**Work required**
For the listing below, the answer is an exact retyping of the lines from the one with "スペーシアカスタム ハイブリッド XSターボ" through the one with "Paper Towel Holder", both included, without pictures.

─── Records supplied ───

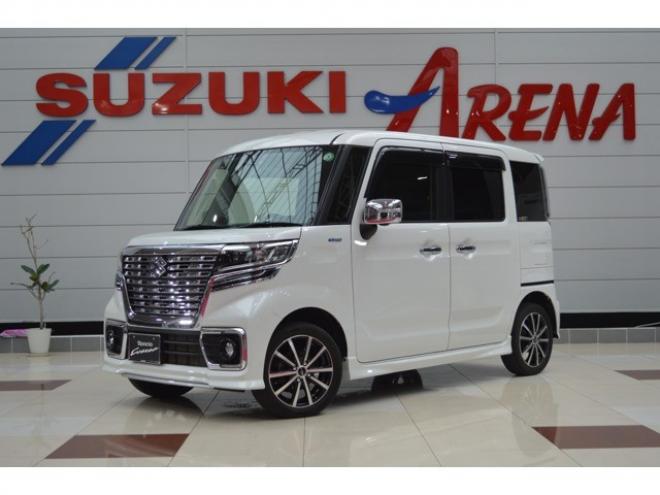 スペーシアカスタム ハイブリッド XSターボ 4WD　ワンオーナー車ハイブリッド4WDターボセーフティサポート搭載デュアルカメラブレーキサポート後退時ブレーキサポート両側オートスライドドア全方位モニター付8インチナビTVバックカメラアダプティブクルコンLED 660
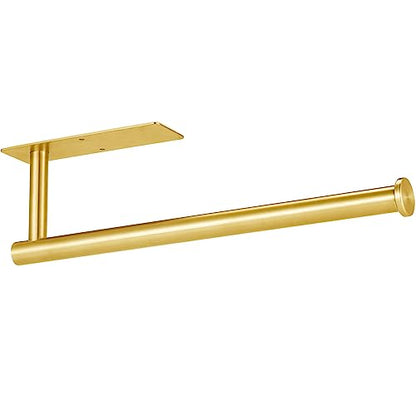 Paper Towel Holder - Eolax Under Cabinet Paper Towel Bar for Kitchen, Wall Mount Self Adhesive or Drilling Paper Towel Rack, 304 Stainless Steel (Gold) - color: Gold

───
─── Records supplied ───

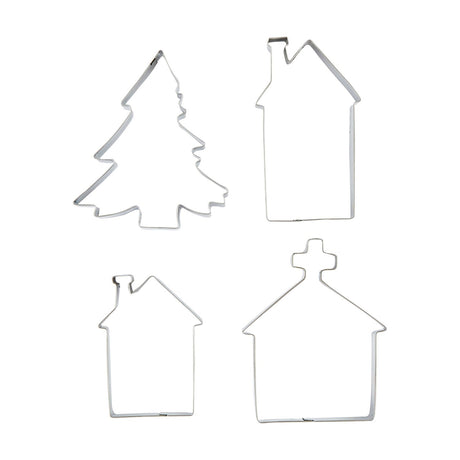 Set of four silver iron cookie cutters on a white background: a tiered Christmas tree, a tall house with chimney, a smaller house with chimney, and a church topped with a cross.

───

**Exercise result**
 スペーシアカスタム ハイブリッド XSターボ 4WD　ワンオーナー車ハイブリッド4WDターボセーフティサポート搭載デュアルカメラブレーキサポート後退時ブレーキサポート両側オートスライドドア全方位モニター付8インチナビTVバックカメラアダプティブクルコンLED 660
 Paper Towel Holder - Eolax Under Cabinet Paper Towel Bar for Kitchen, Wall Mount Self Adhesive or Drilling Paper Towel Rack, 304 Stainless Steel (Gold) - color: Gold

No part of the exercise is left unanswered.